*** Block opens ***

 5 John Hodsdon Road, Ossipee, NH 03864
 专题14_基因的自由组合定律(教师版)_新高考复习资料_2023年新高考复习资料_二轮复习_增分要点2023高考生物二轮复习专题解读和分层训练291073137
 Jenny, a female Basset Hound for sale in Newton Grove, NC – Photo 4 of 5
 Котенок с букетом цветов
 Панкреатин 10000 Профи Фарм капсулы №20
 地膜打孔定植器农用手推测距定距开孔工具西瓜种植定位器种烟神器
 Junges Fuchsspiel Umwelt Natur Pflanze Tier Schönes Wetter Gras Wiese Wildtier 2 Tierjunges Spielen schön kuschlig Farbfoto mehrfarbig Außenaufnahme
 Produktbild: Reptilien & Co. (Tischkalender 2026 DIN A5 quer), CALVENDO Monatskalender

*** Block closes ***
*** Block opens ***

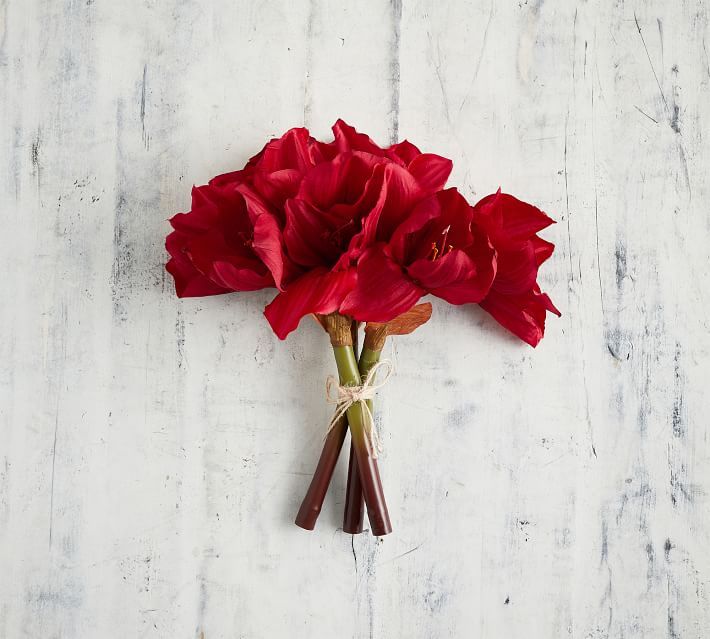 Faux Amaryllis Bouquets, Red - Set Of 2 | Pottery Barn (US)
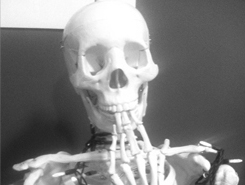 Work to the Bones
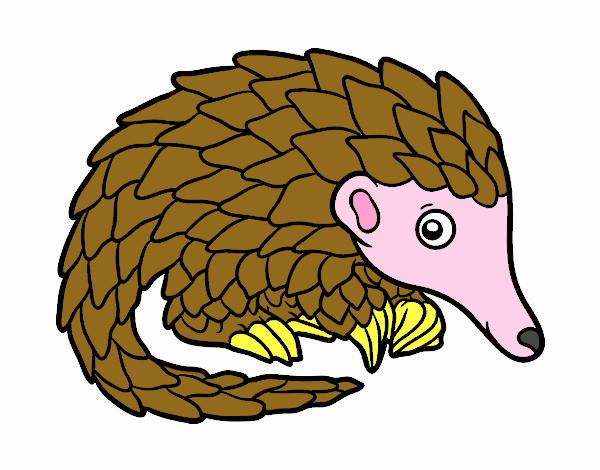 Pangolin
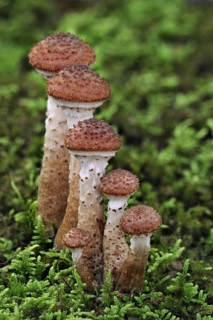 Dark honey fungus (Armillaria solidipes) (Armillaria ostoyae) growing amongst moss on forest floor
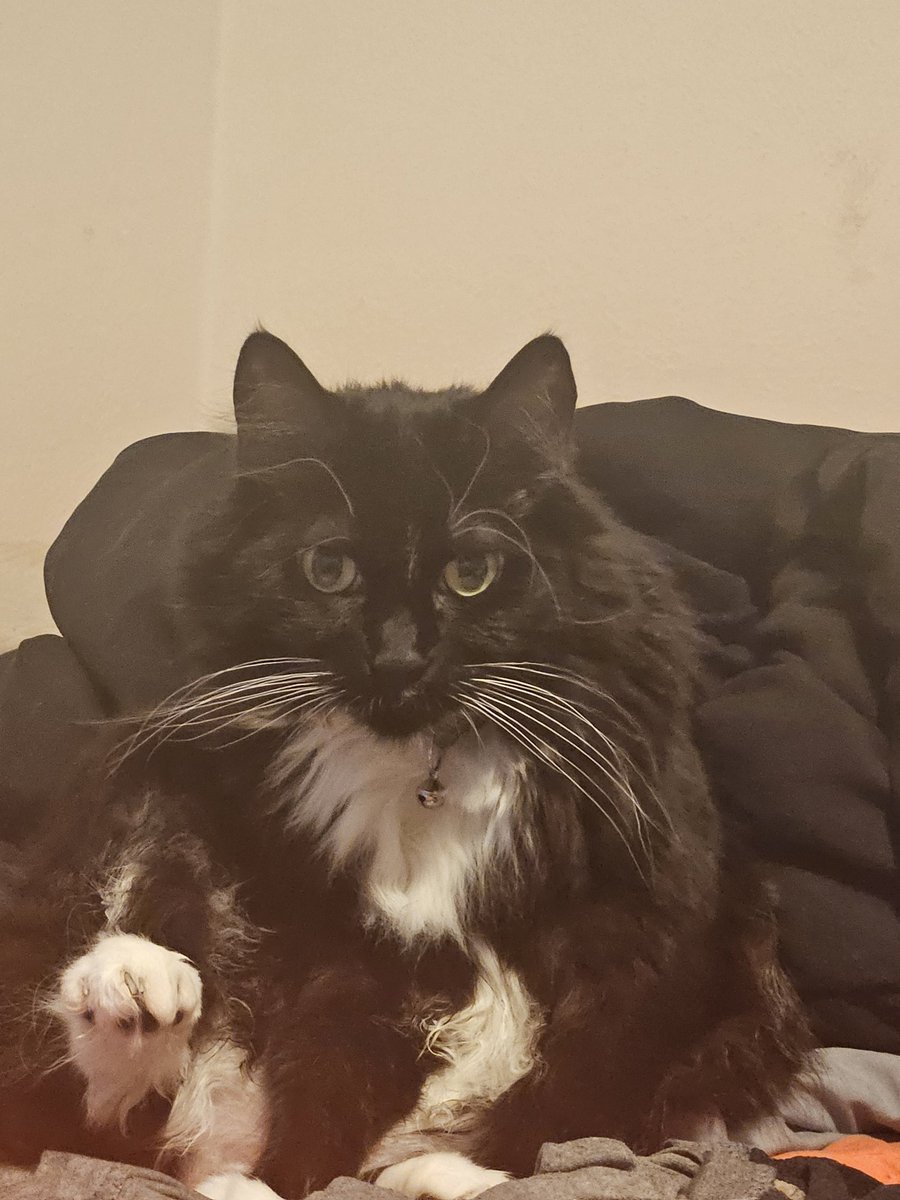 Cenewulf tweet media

*** Block closes ***
*** Block opens ***

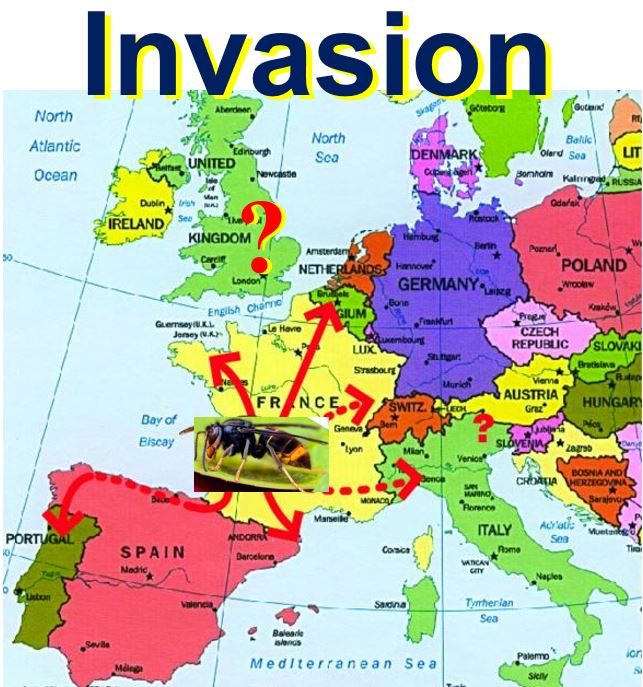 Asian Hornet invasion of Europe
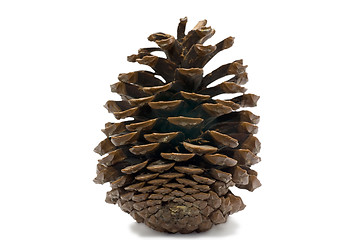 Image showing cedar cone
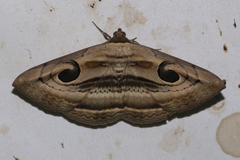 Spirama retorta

*** Block closes ***

**Requirement:** Everything from the line with "地膜打孔定植器农用手推测距定距开孔工具西瓜种植定位器种烟神器" through the line with "Produktbild: Reptilien &" in the listing above must be retyped exactly, with nothing added.

**Output below:**
 地膜打孔定植器农用手推测距定距开孔工具西瓜种植定位器种烟神器
 Junges Fuchsspiel Umwelt Natur Pflanze Tier Schönes Wetter Gras Wiese Wildtier 2 Tierjunges Spielen schön kuschlig Farbfoto mehrfarbig Außenaufnahme
 Produktbild: Reptilien & Co. (Tischkalender 2026 DIN A5 quer), CALVENDO Monatskalender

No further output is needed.